Questo farmaco è incluso nella lista delle sostanze proibite redatta dall’Agenzia mondiale antidoping (Wada) per due motivi principali. In primo luogo, il letrozolo stimola la produzione di testosterone, un ormone che può contribuire a combattere la fatica fisica. In secondo luogo, è anche in grado di mascherare l’assunzione di sostanze anabolizzanti, creando preoccupazioni riguardo alle sue potenziali applicazioni nel doping sportivo.

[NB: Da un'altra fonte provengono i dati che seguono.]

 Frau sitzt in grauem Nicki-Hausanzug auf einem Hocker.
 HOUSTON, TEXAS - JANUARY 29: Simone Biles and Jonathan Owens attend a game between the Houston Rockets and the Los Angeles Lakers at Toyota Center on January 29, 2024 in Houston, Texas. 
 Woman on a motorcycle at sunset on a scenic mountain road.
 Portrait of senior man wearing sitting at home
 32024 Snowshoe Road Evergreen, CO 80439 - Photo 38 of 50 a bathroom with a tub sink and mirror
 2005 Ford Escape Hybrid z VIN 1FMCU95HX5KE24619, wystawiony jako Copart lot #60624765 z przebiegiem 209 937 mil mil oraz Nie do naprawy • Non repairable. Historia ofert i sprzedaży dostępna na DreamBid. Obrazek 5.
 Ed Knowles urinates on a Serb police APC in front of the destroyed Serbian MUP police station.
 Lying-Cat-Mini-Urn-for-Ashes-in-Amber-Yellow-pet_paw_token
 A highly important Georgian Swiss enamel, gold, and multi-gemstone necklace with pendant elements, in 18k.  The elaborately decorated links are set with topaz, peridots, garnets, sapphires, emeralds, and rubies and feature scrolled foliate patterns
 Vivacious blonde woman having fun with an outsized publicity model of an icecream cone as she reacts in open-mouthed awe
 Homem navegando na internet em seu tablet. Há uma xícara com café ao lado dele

Non è la prima volta che il letrozolo finisce sotto i riflettori per questioni legate al doping. Infatti, nel 2017, la tennista Sara Errani fu coinvolta in un caso simile, sostenendo di aver assunto il farmaco involontariamente a causa di una contaminazione avvenuta tramite un medicinale utilizzato da sua madre. La sostanza era finita nella preparazione dei tortellini che aveva consumato. Più recentemente, nel 2022, il ciclocrossista belga Toon Aerts si trovò in una situazione comparabile, segnalando come il problema della contaminazione rimanga grave e controverso nel panorama sportivo attuale.
In conclusione, il letrozolo rappresenta un’arma a doppio taglio, utile in contesti medicinali ma potenzialmente problematico quando utilizzato al di fuori delle indicazioni autorizzate. La vicenda di Rebecca Passler riaccende le luci su una questione complessa e da monitorare con attenzione, sottolineando l’importanza della trasparenza e della regolamentazione nell’ambito sportivo.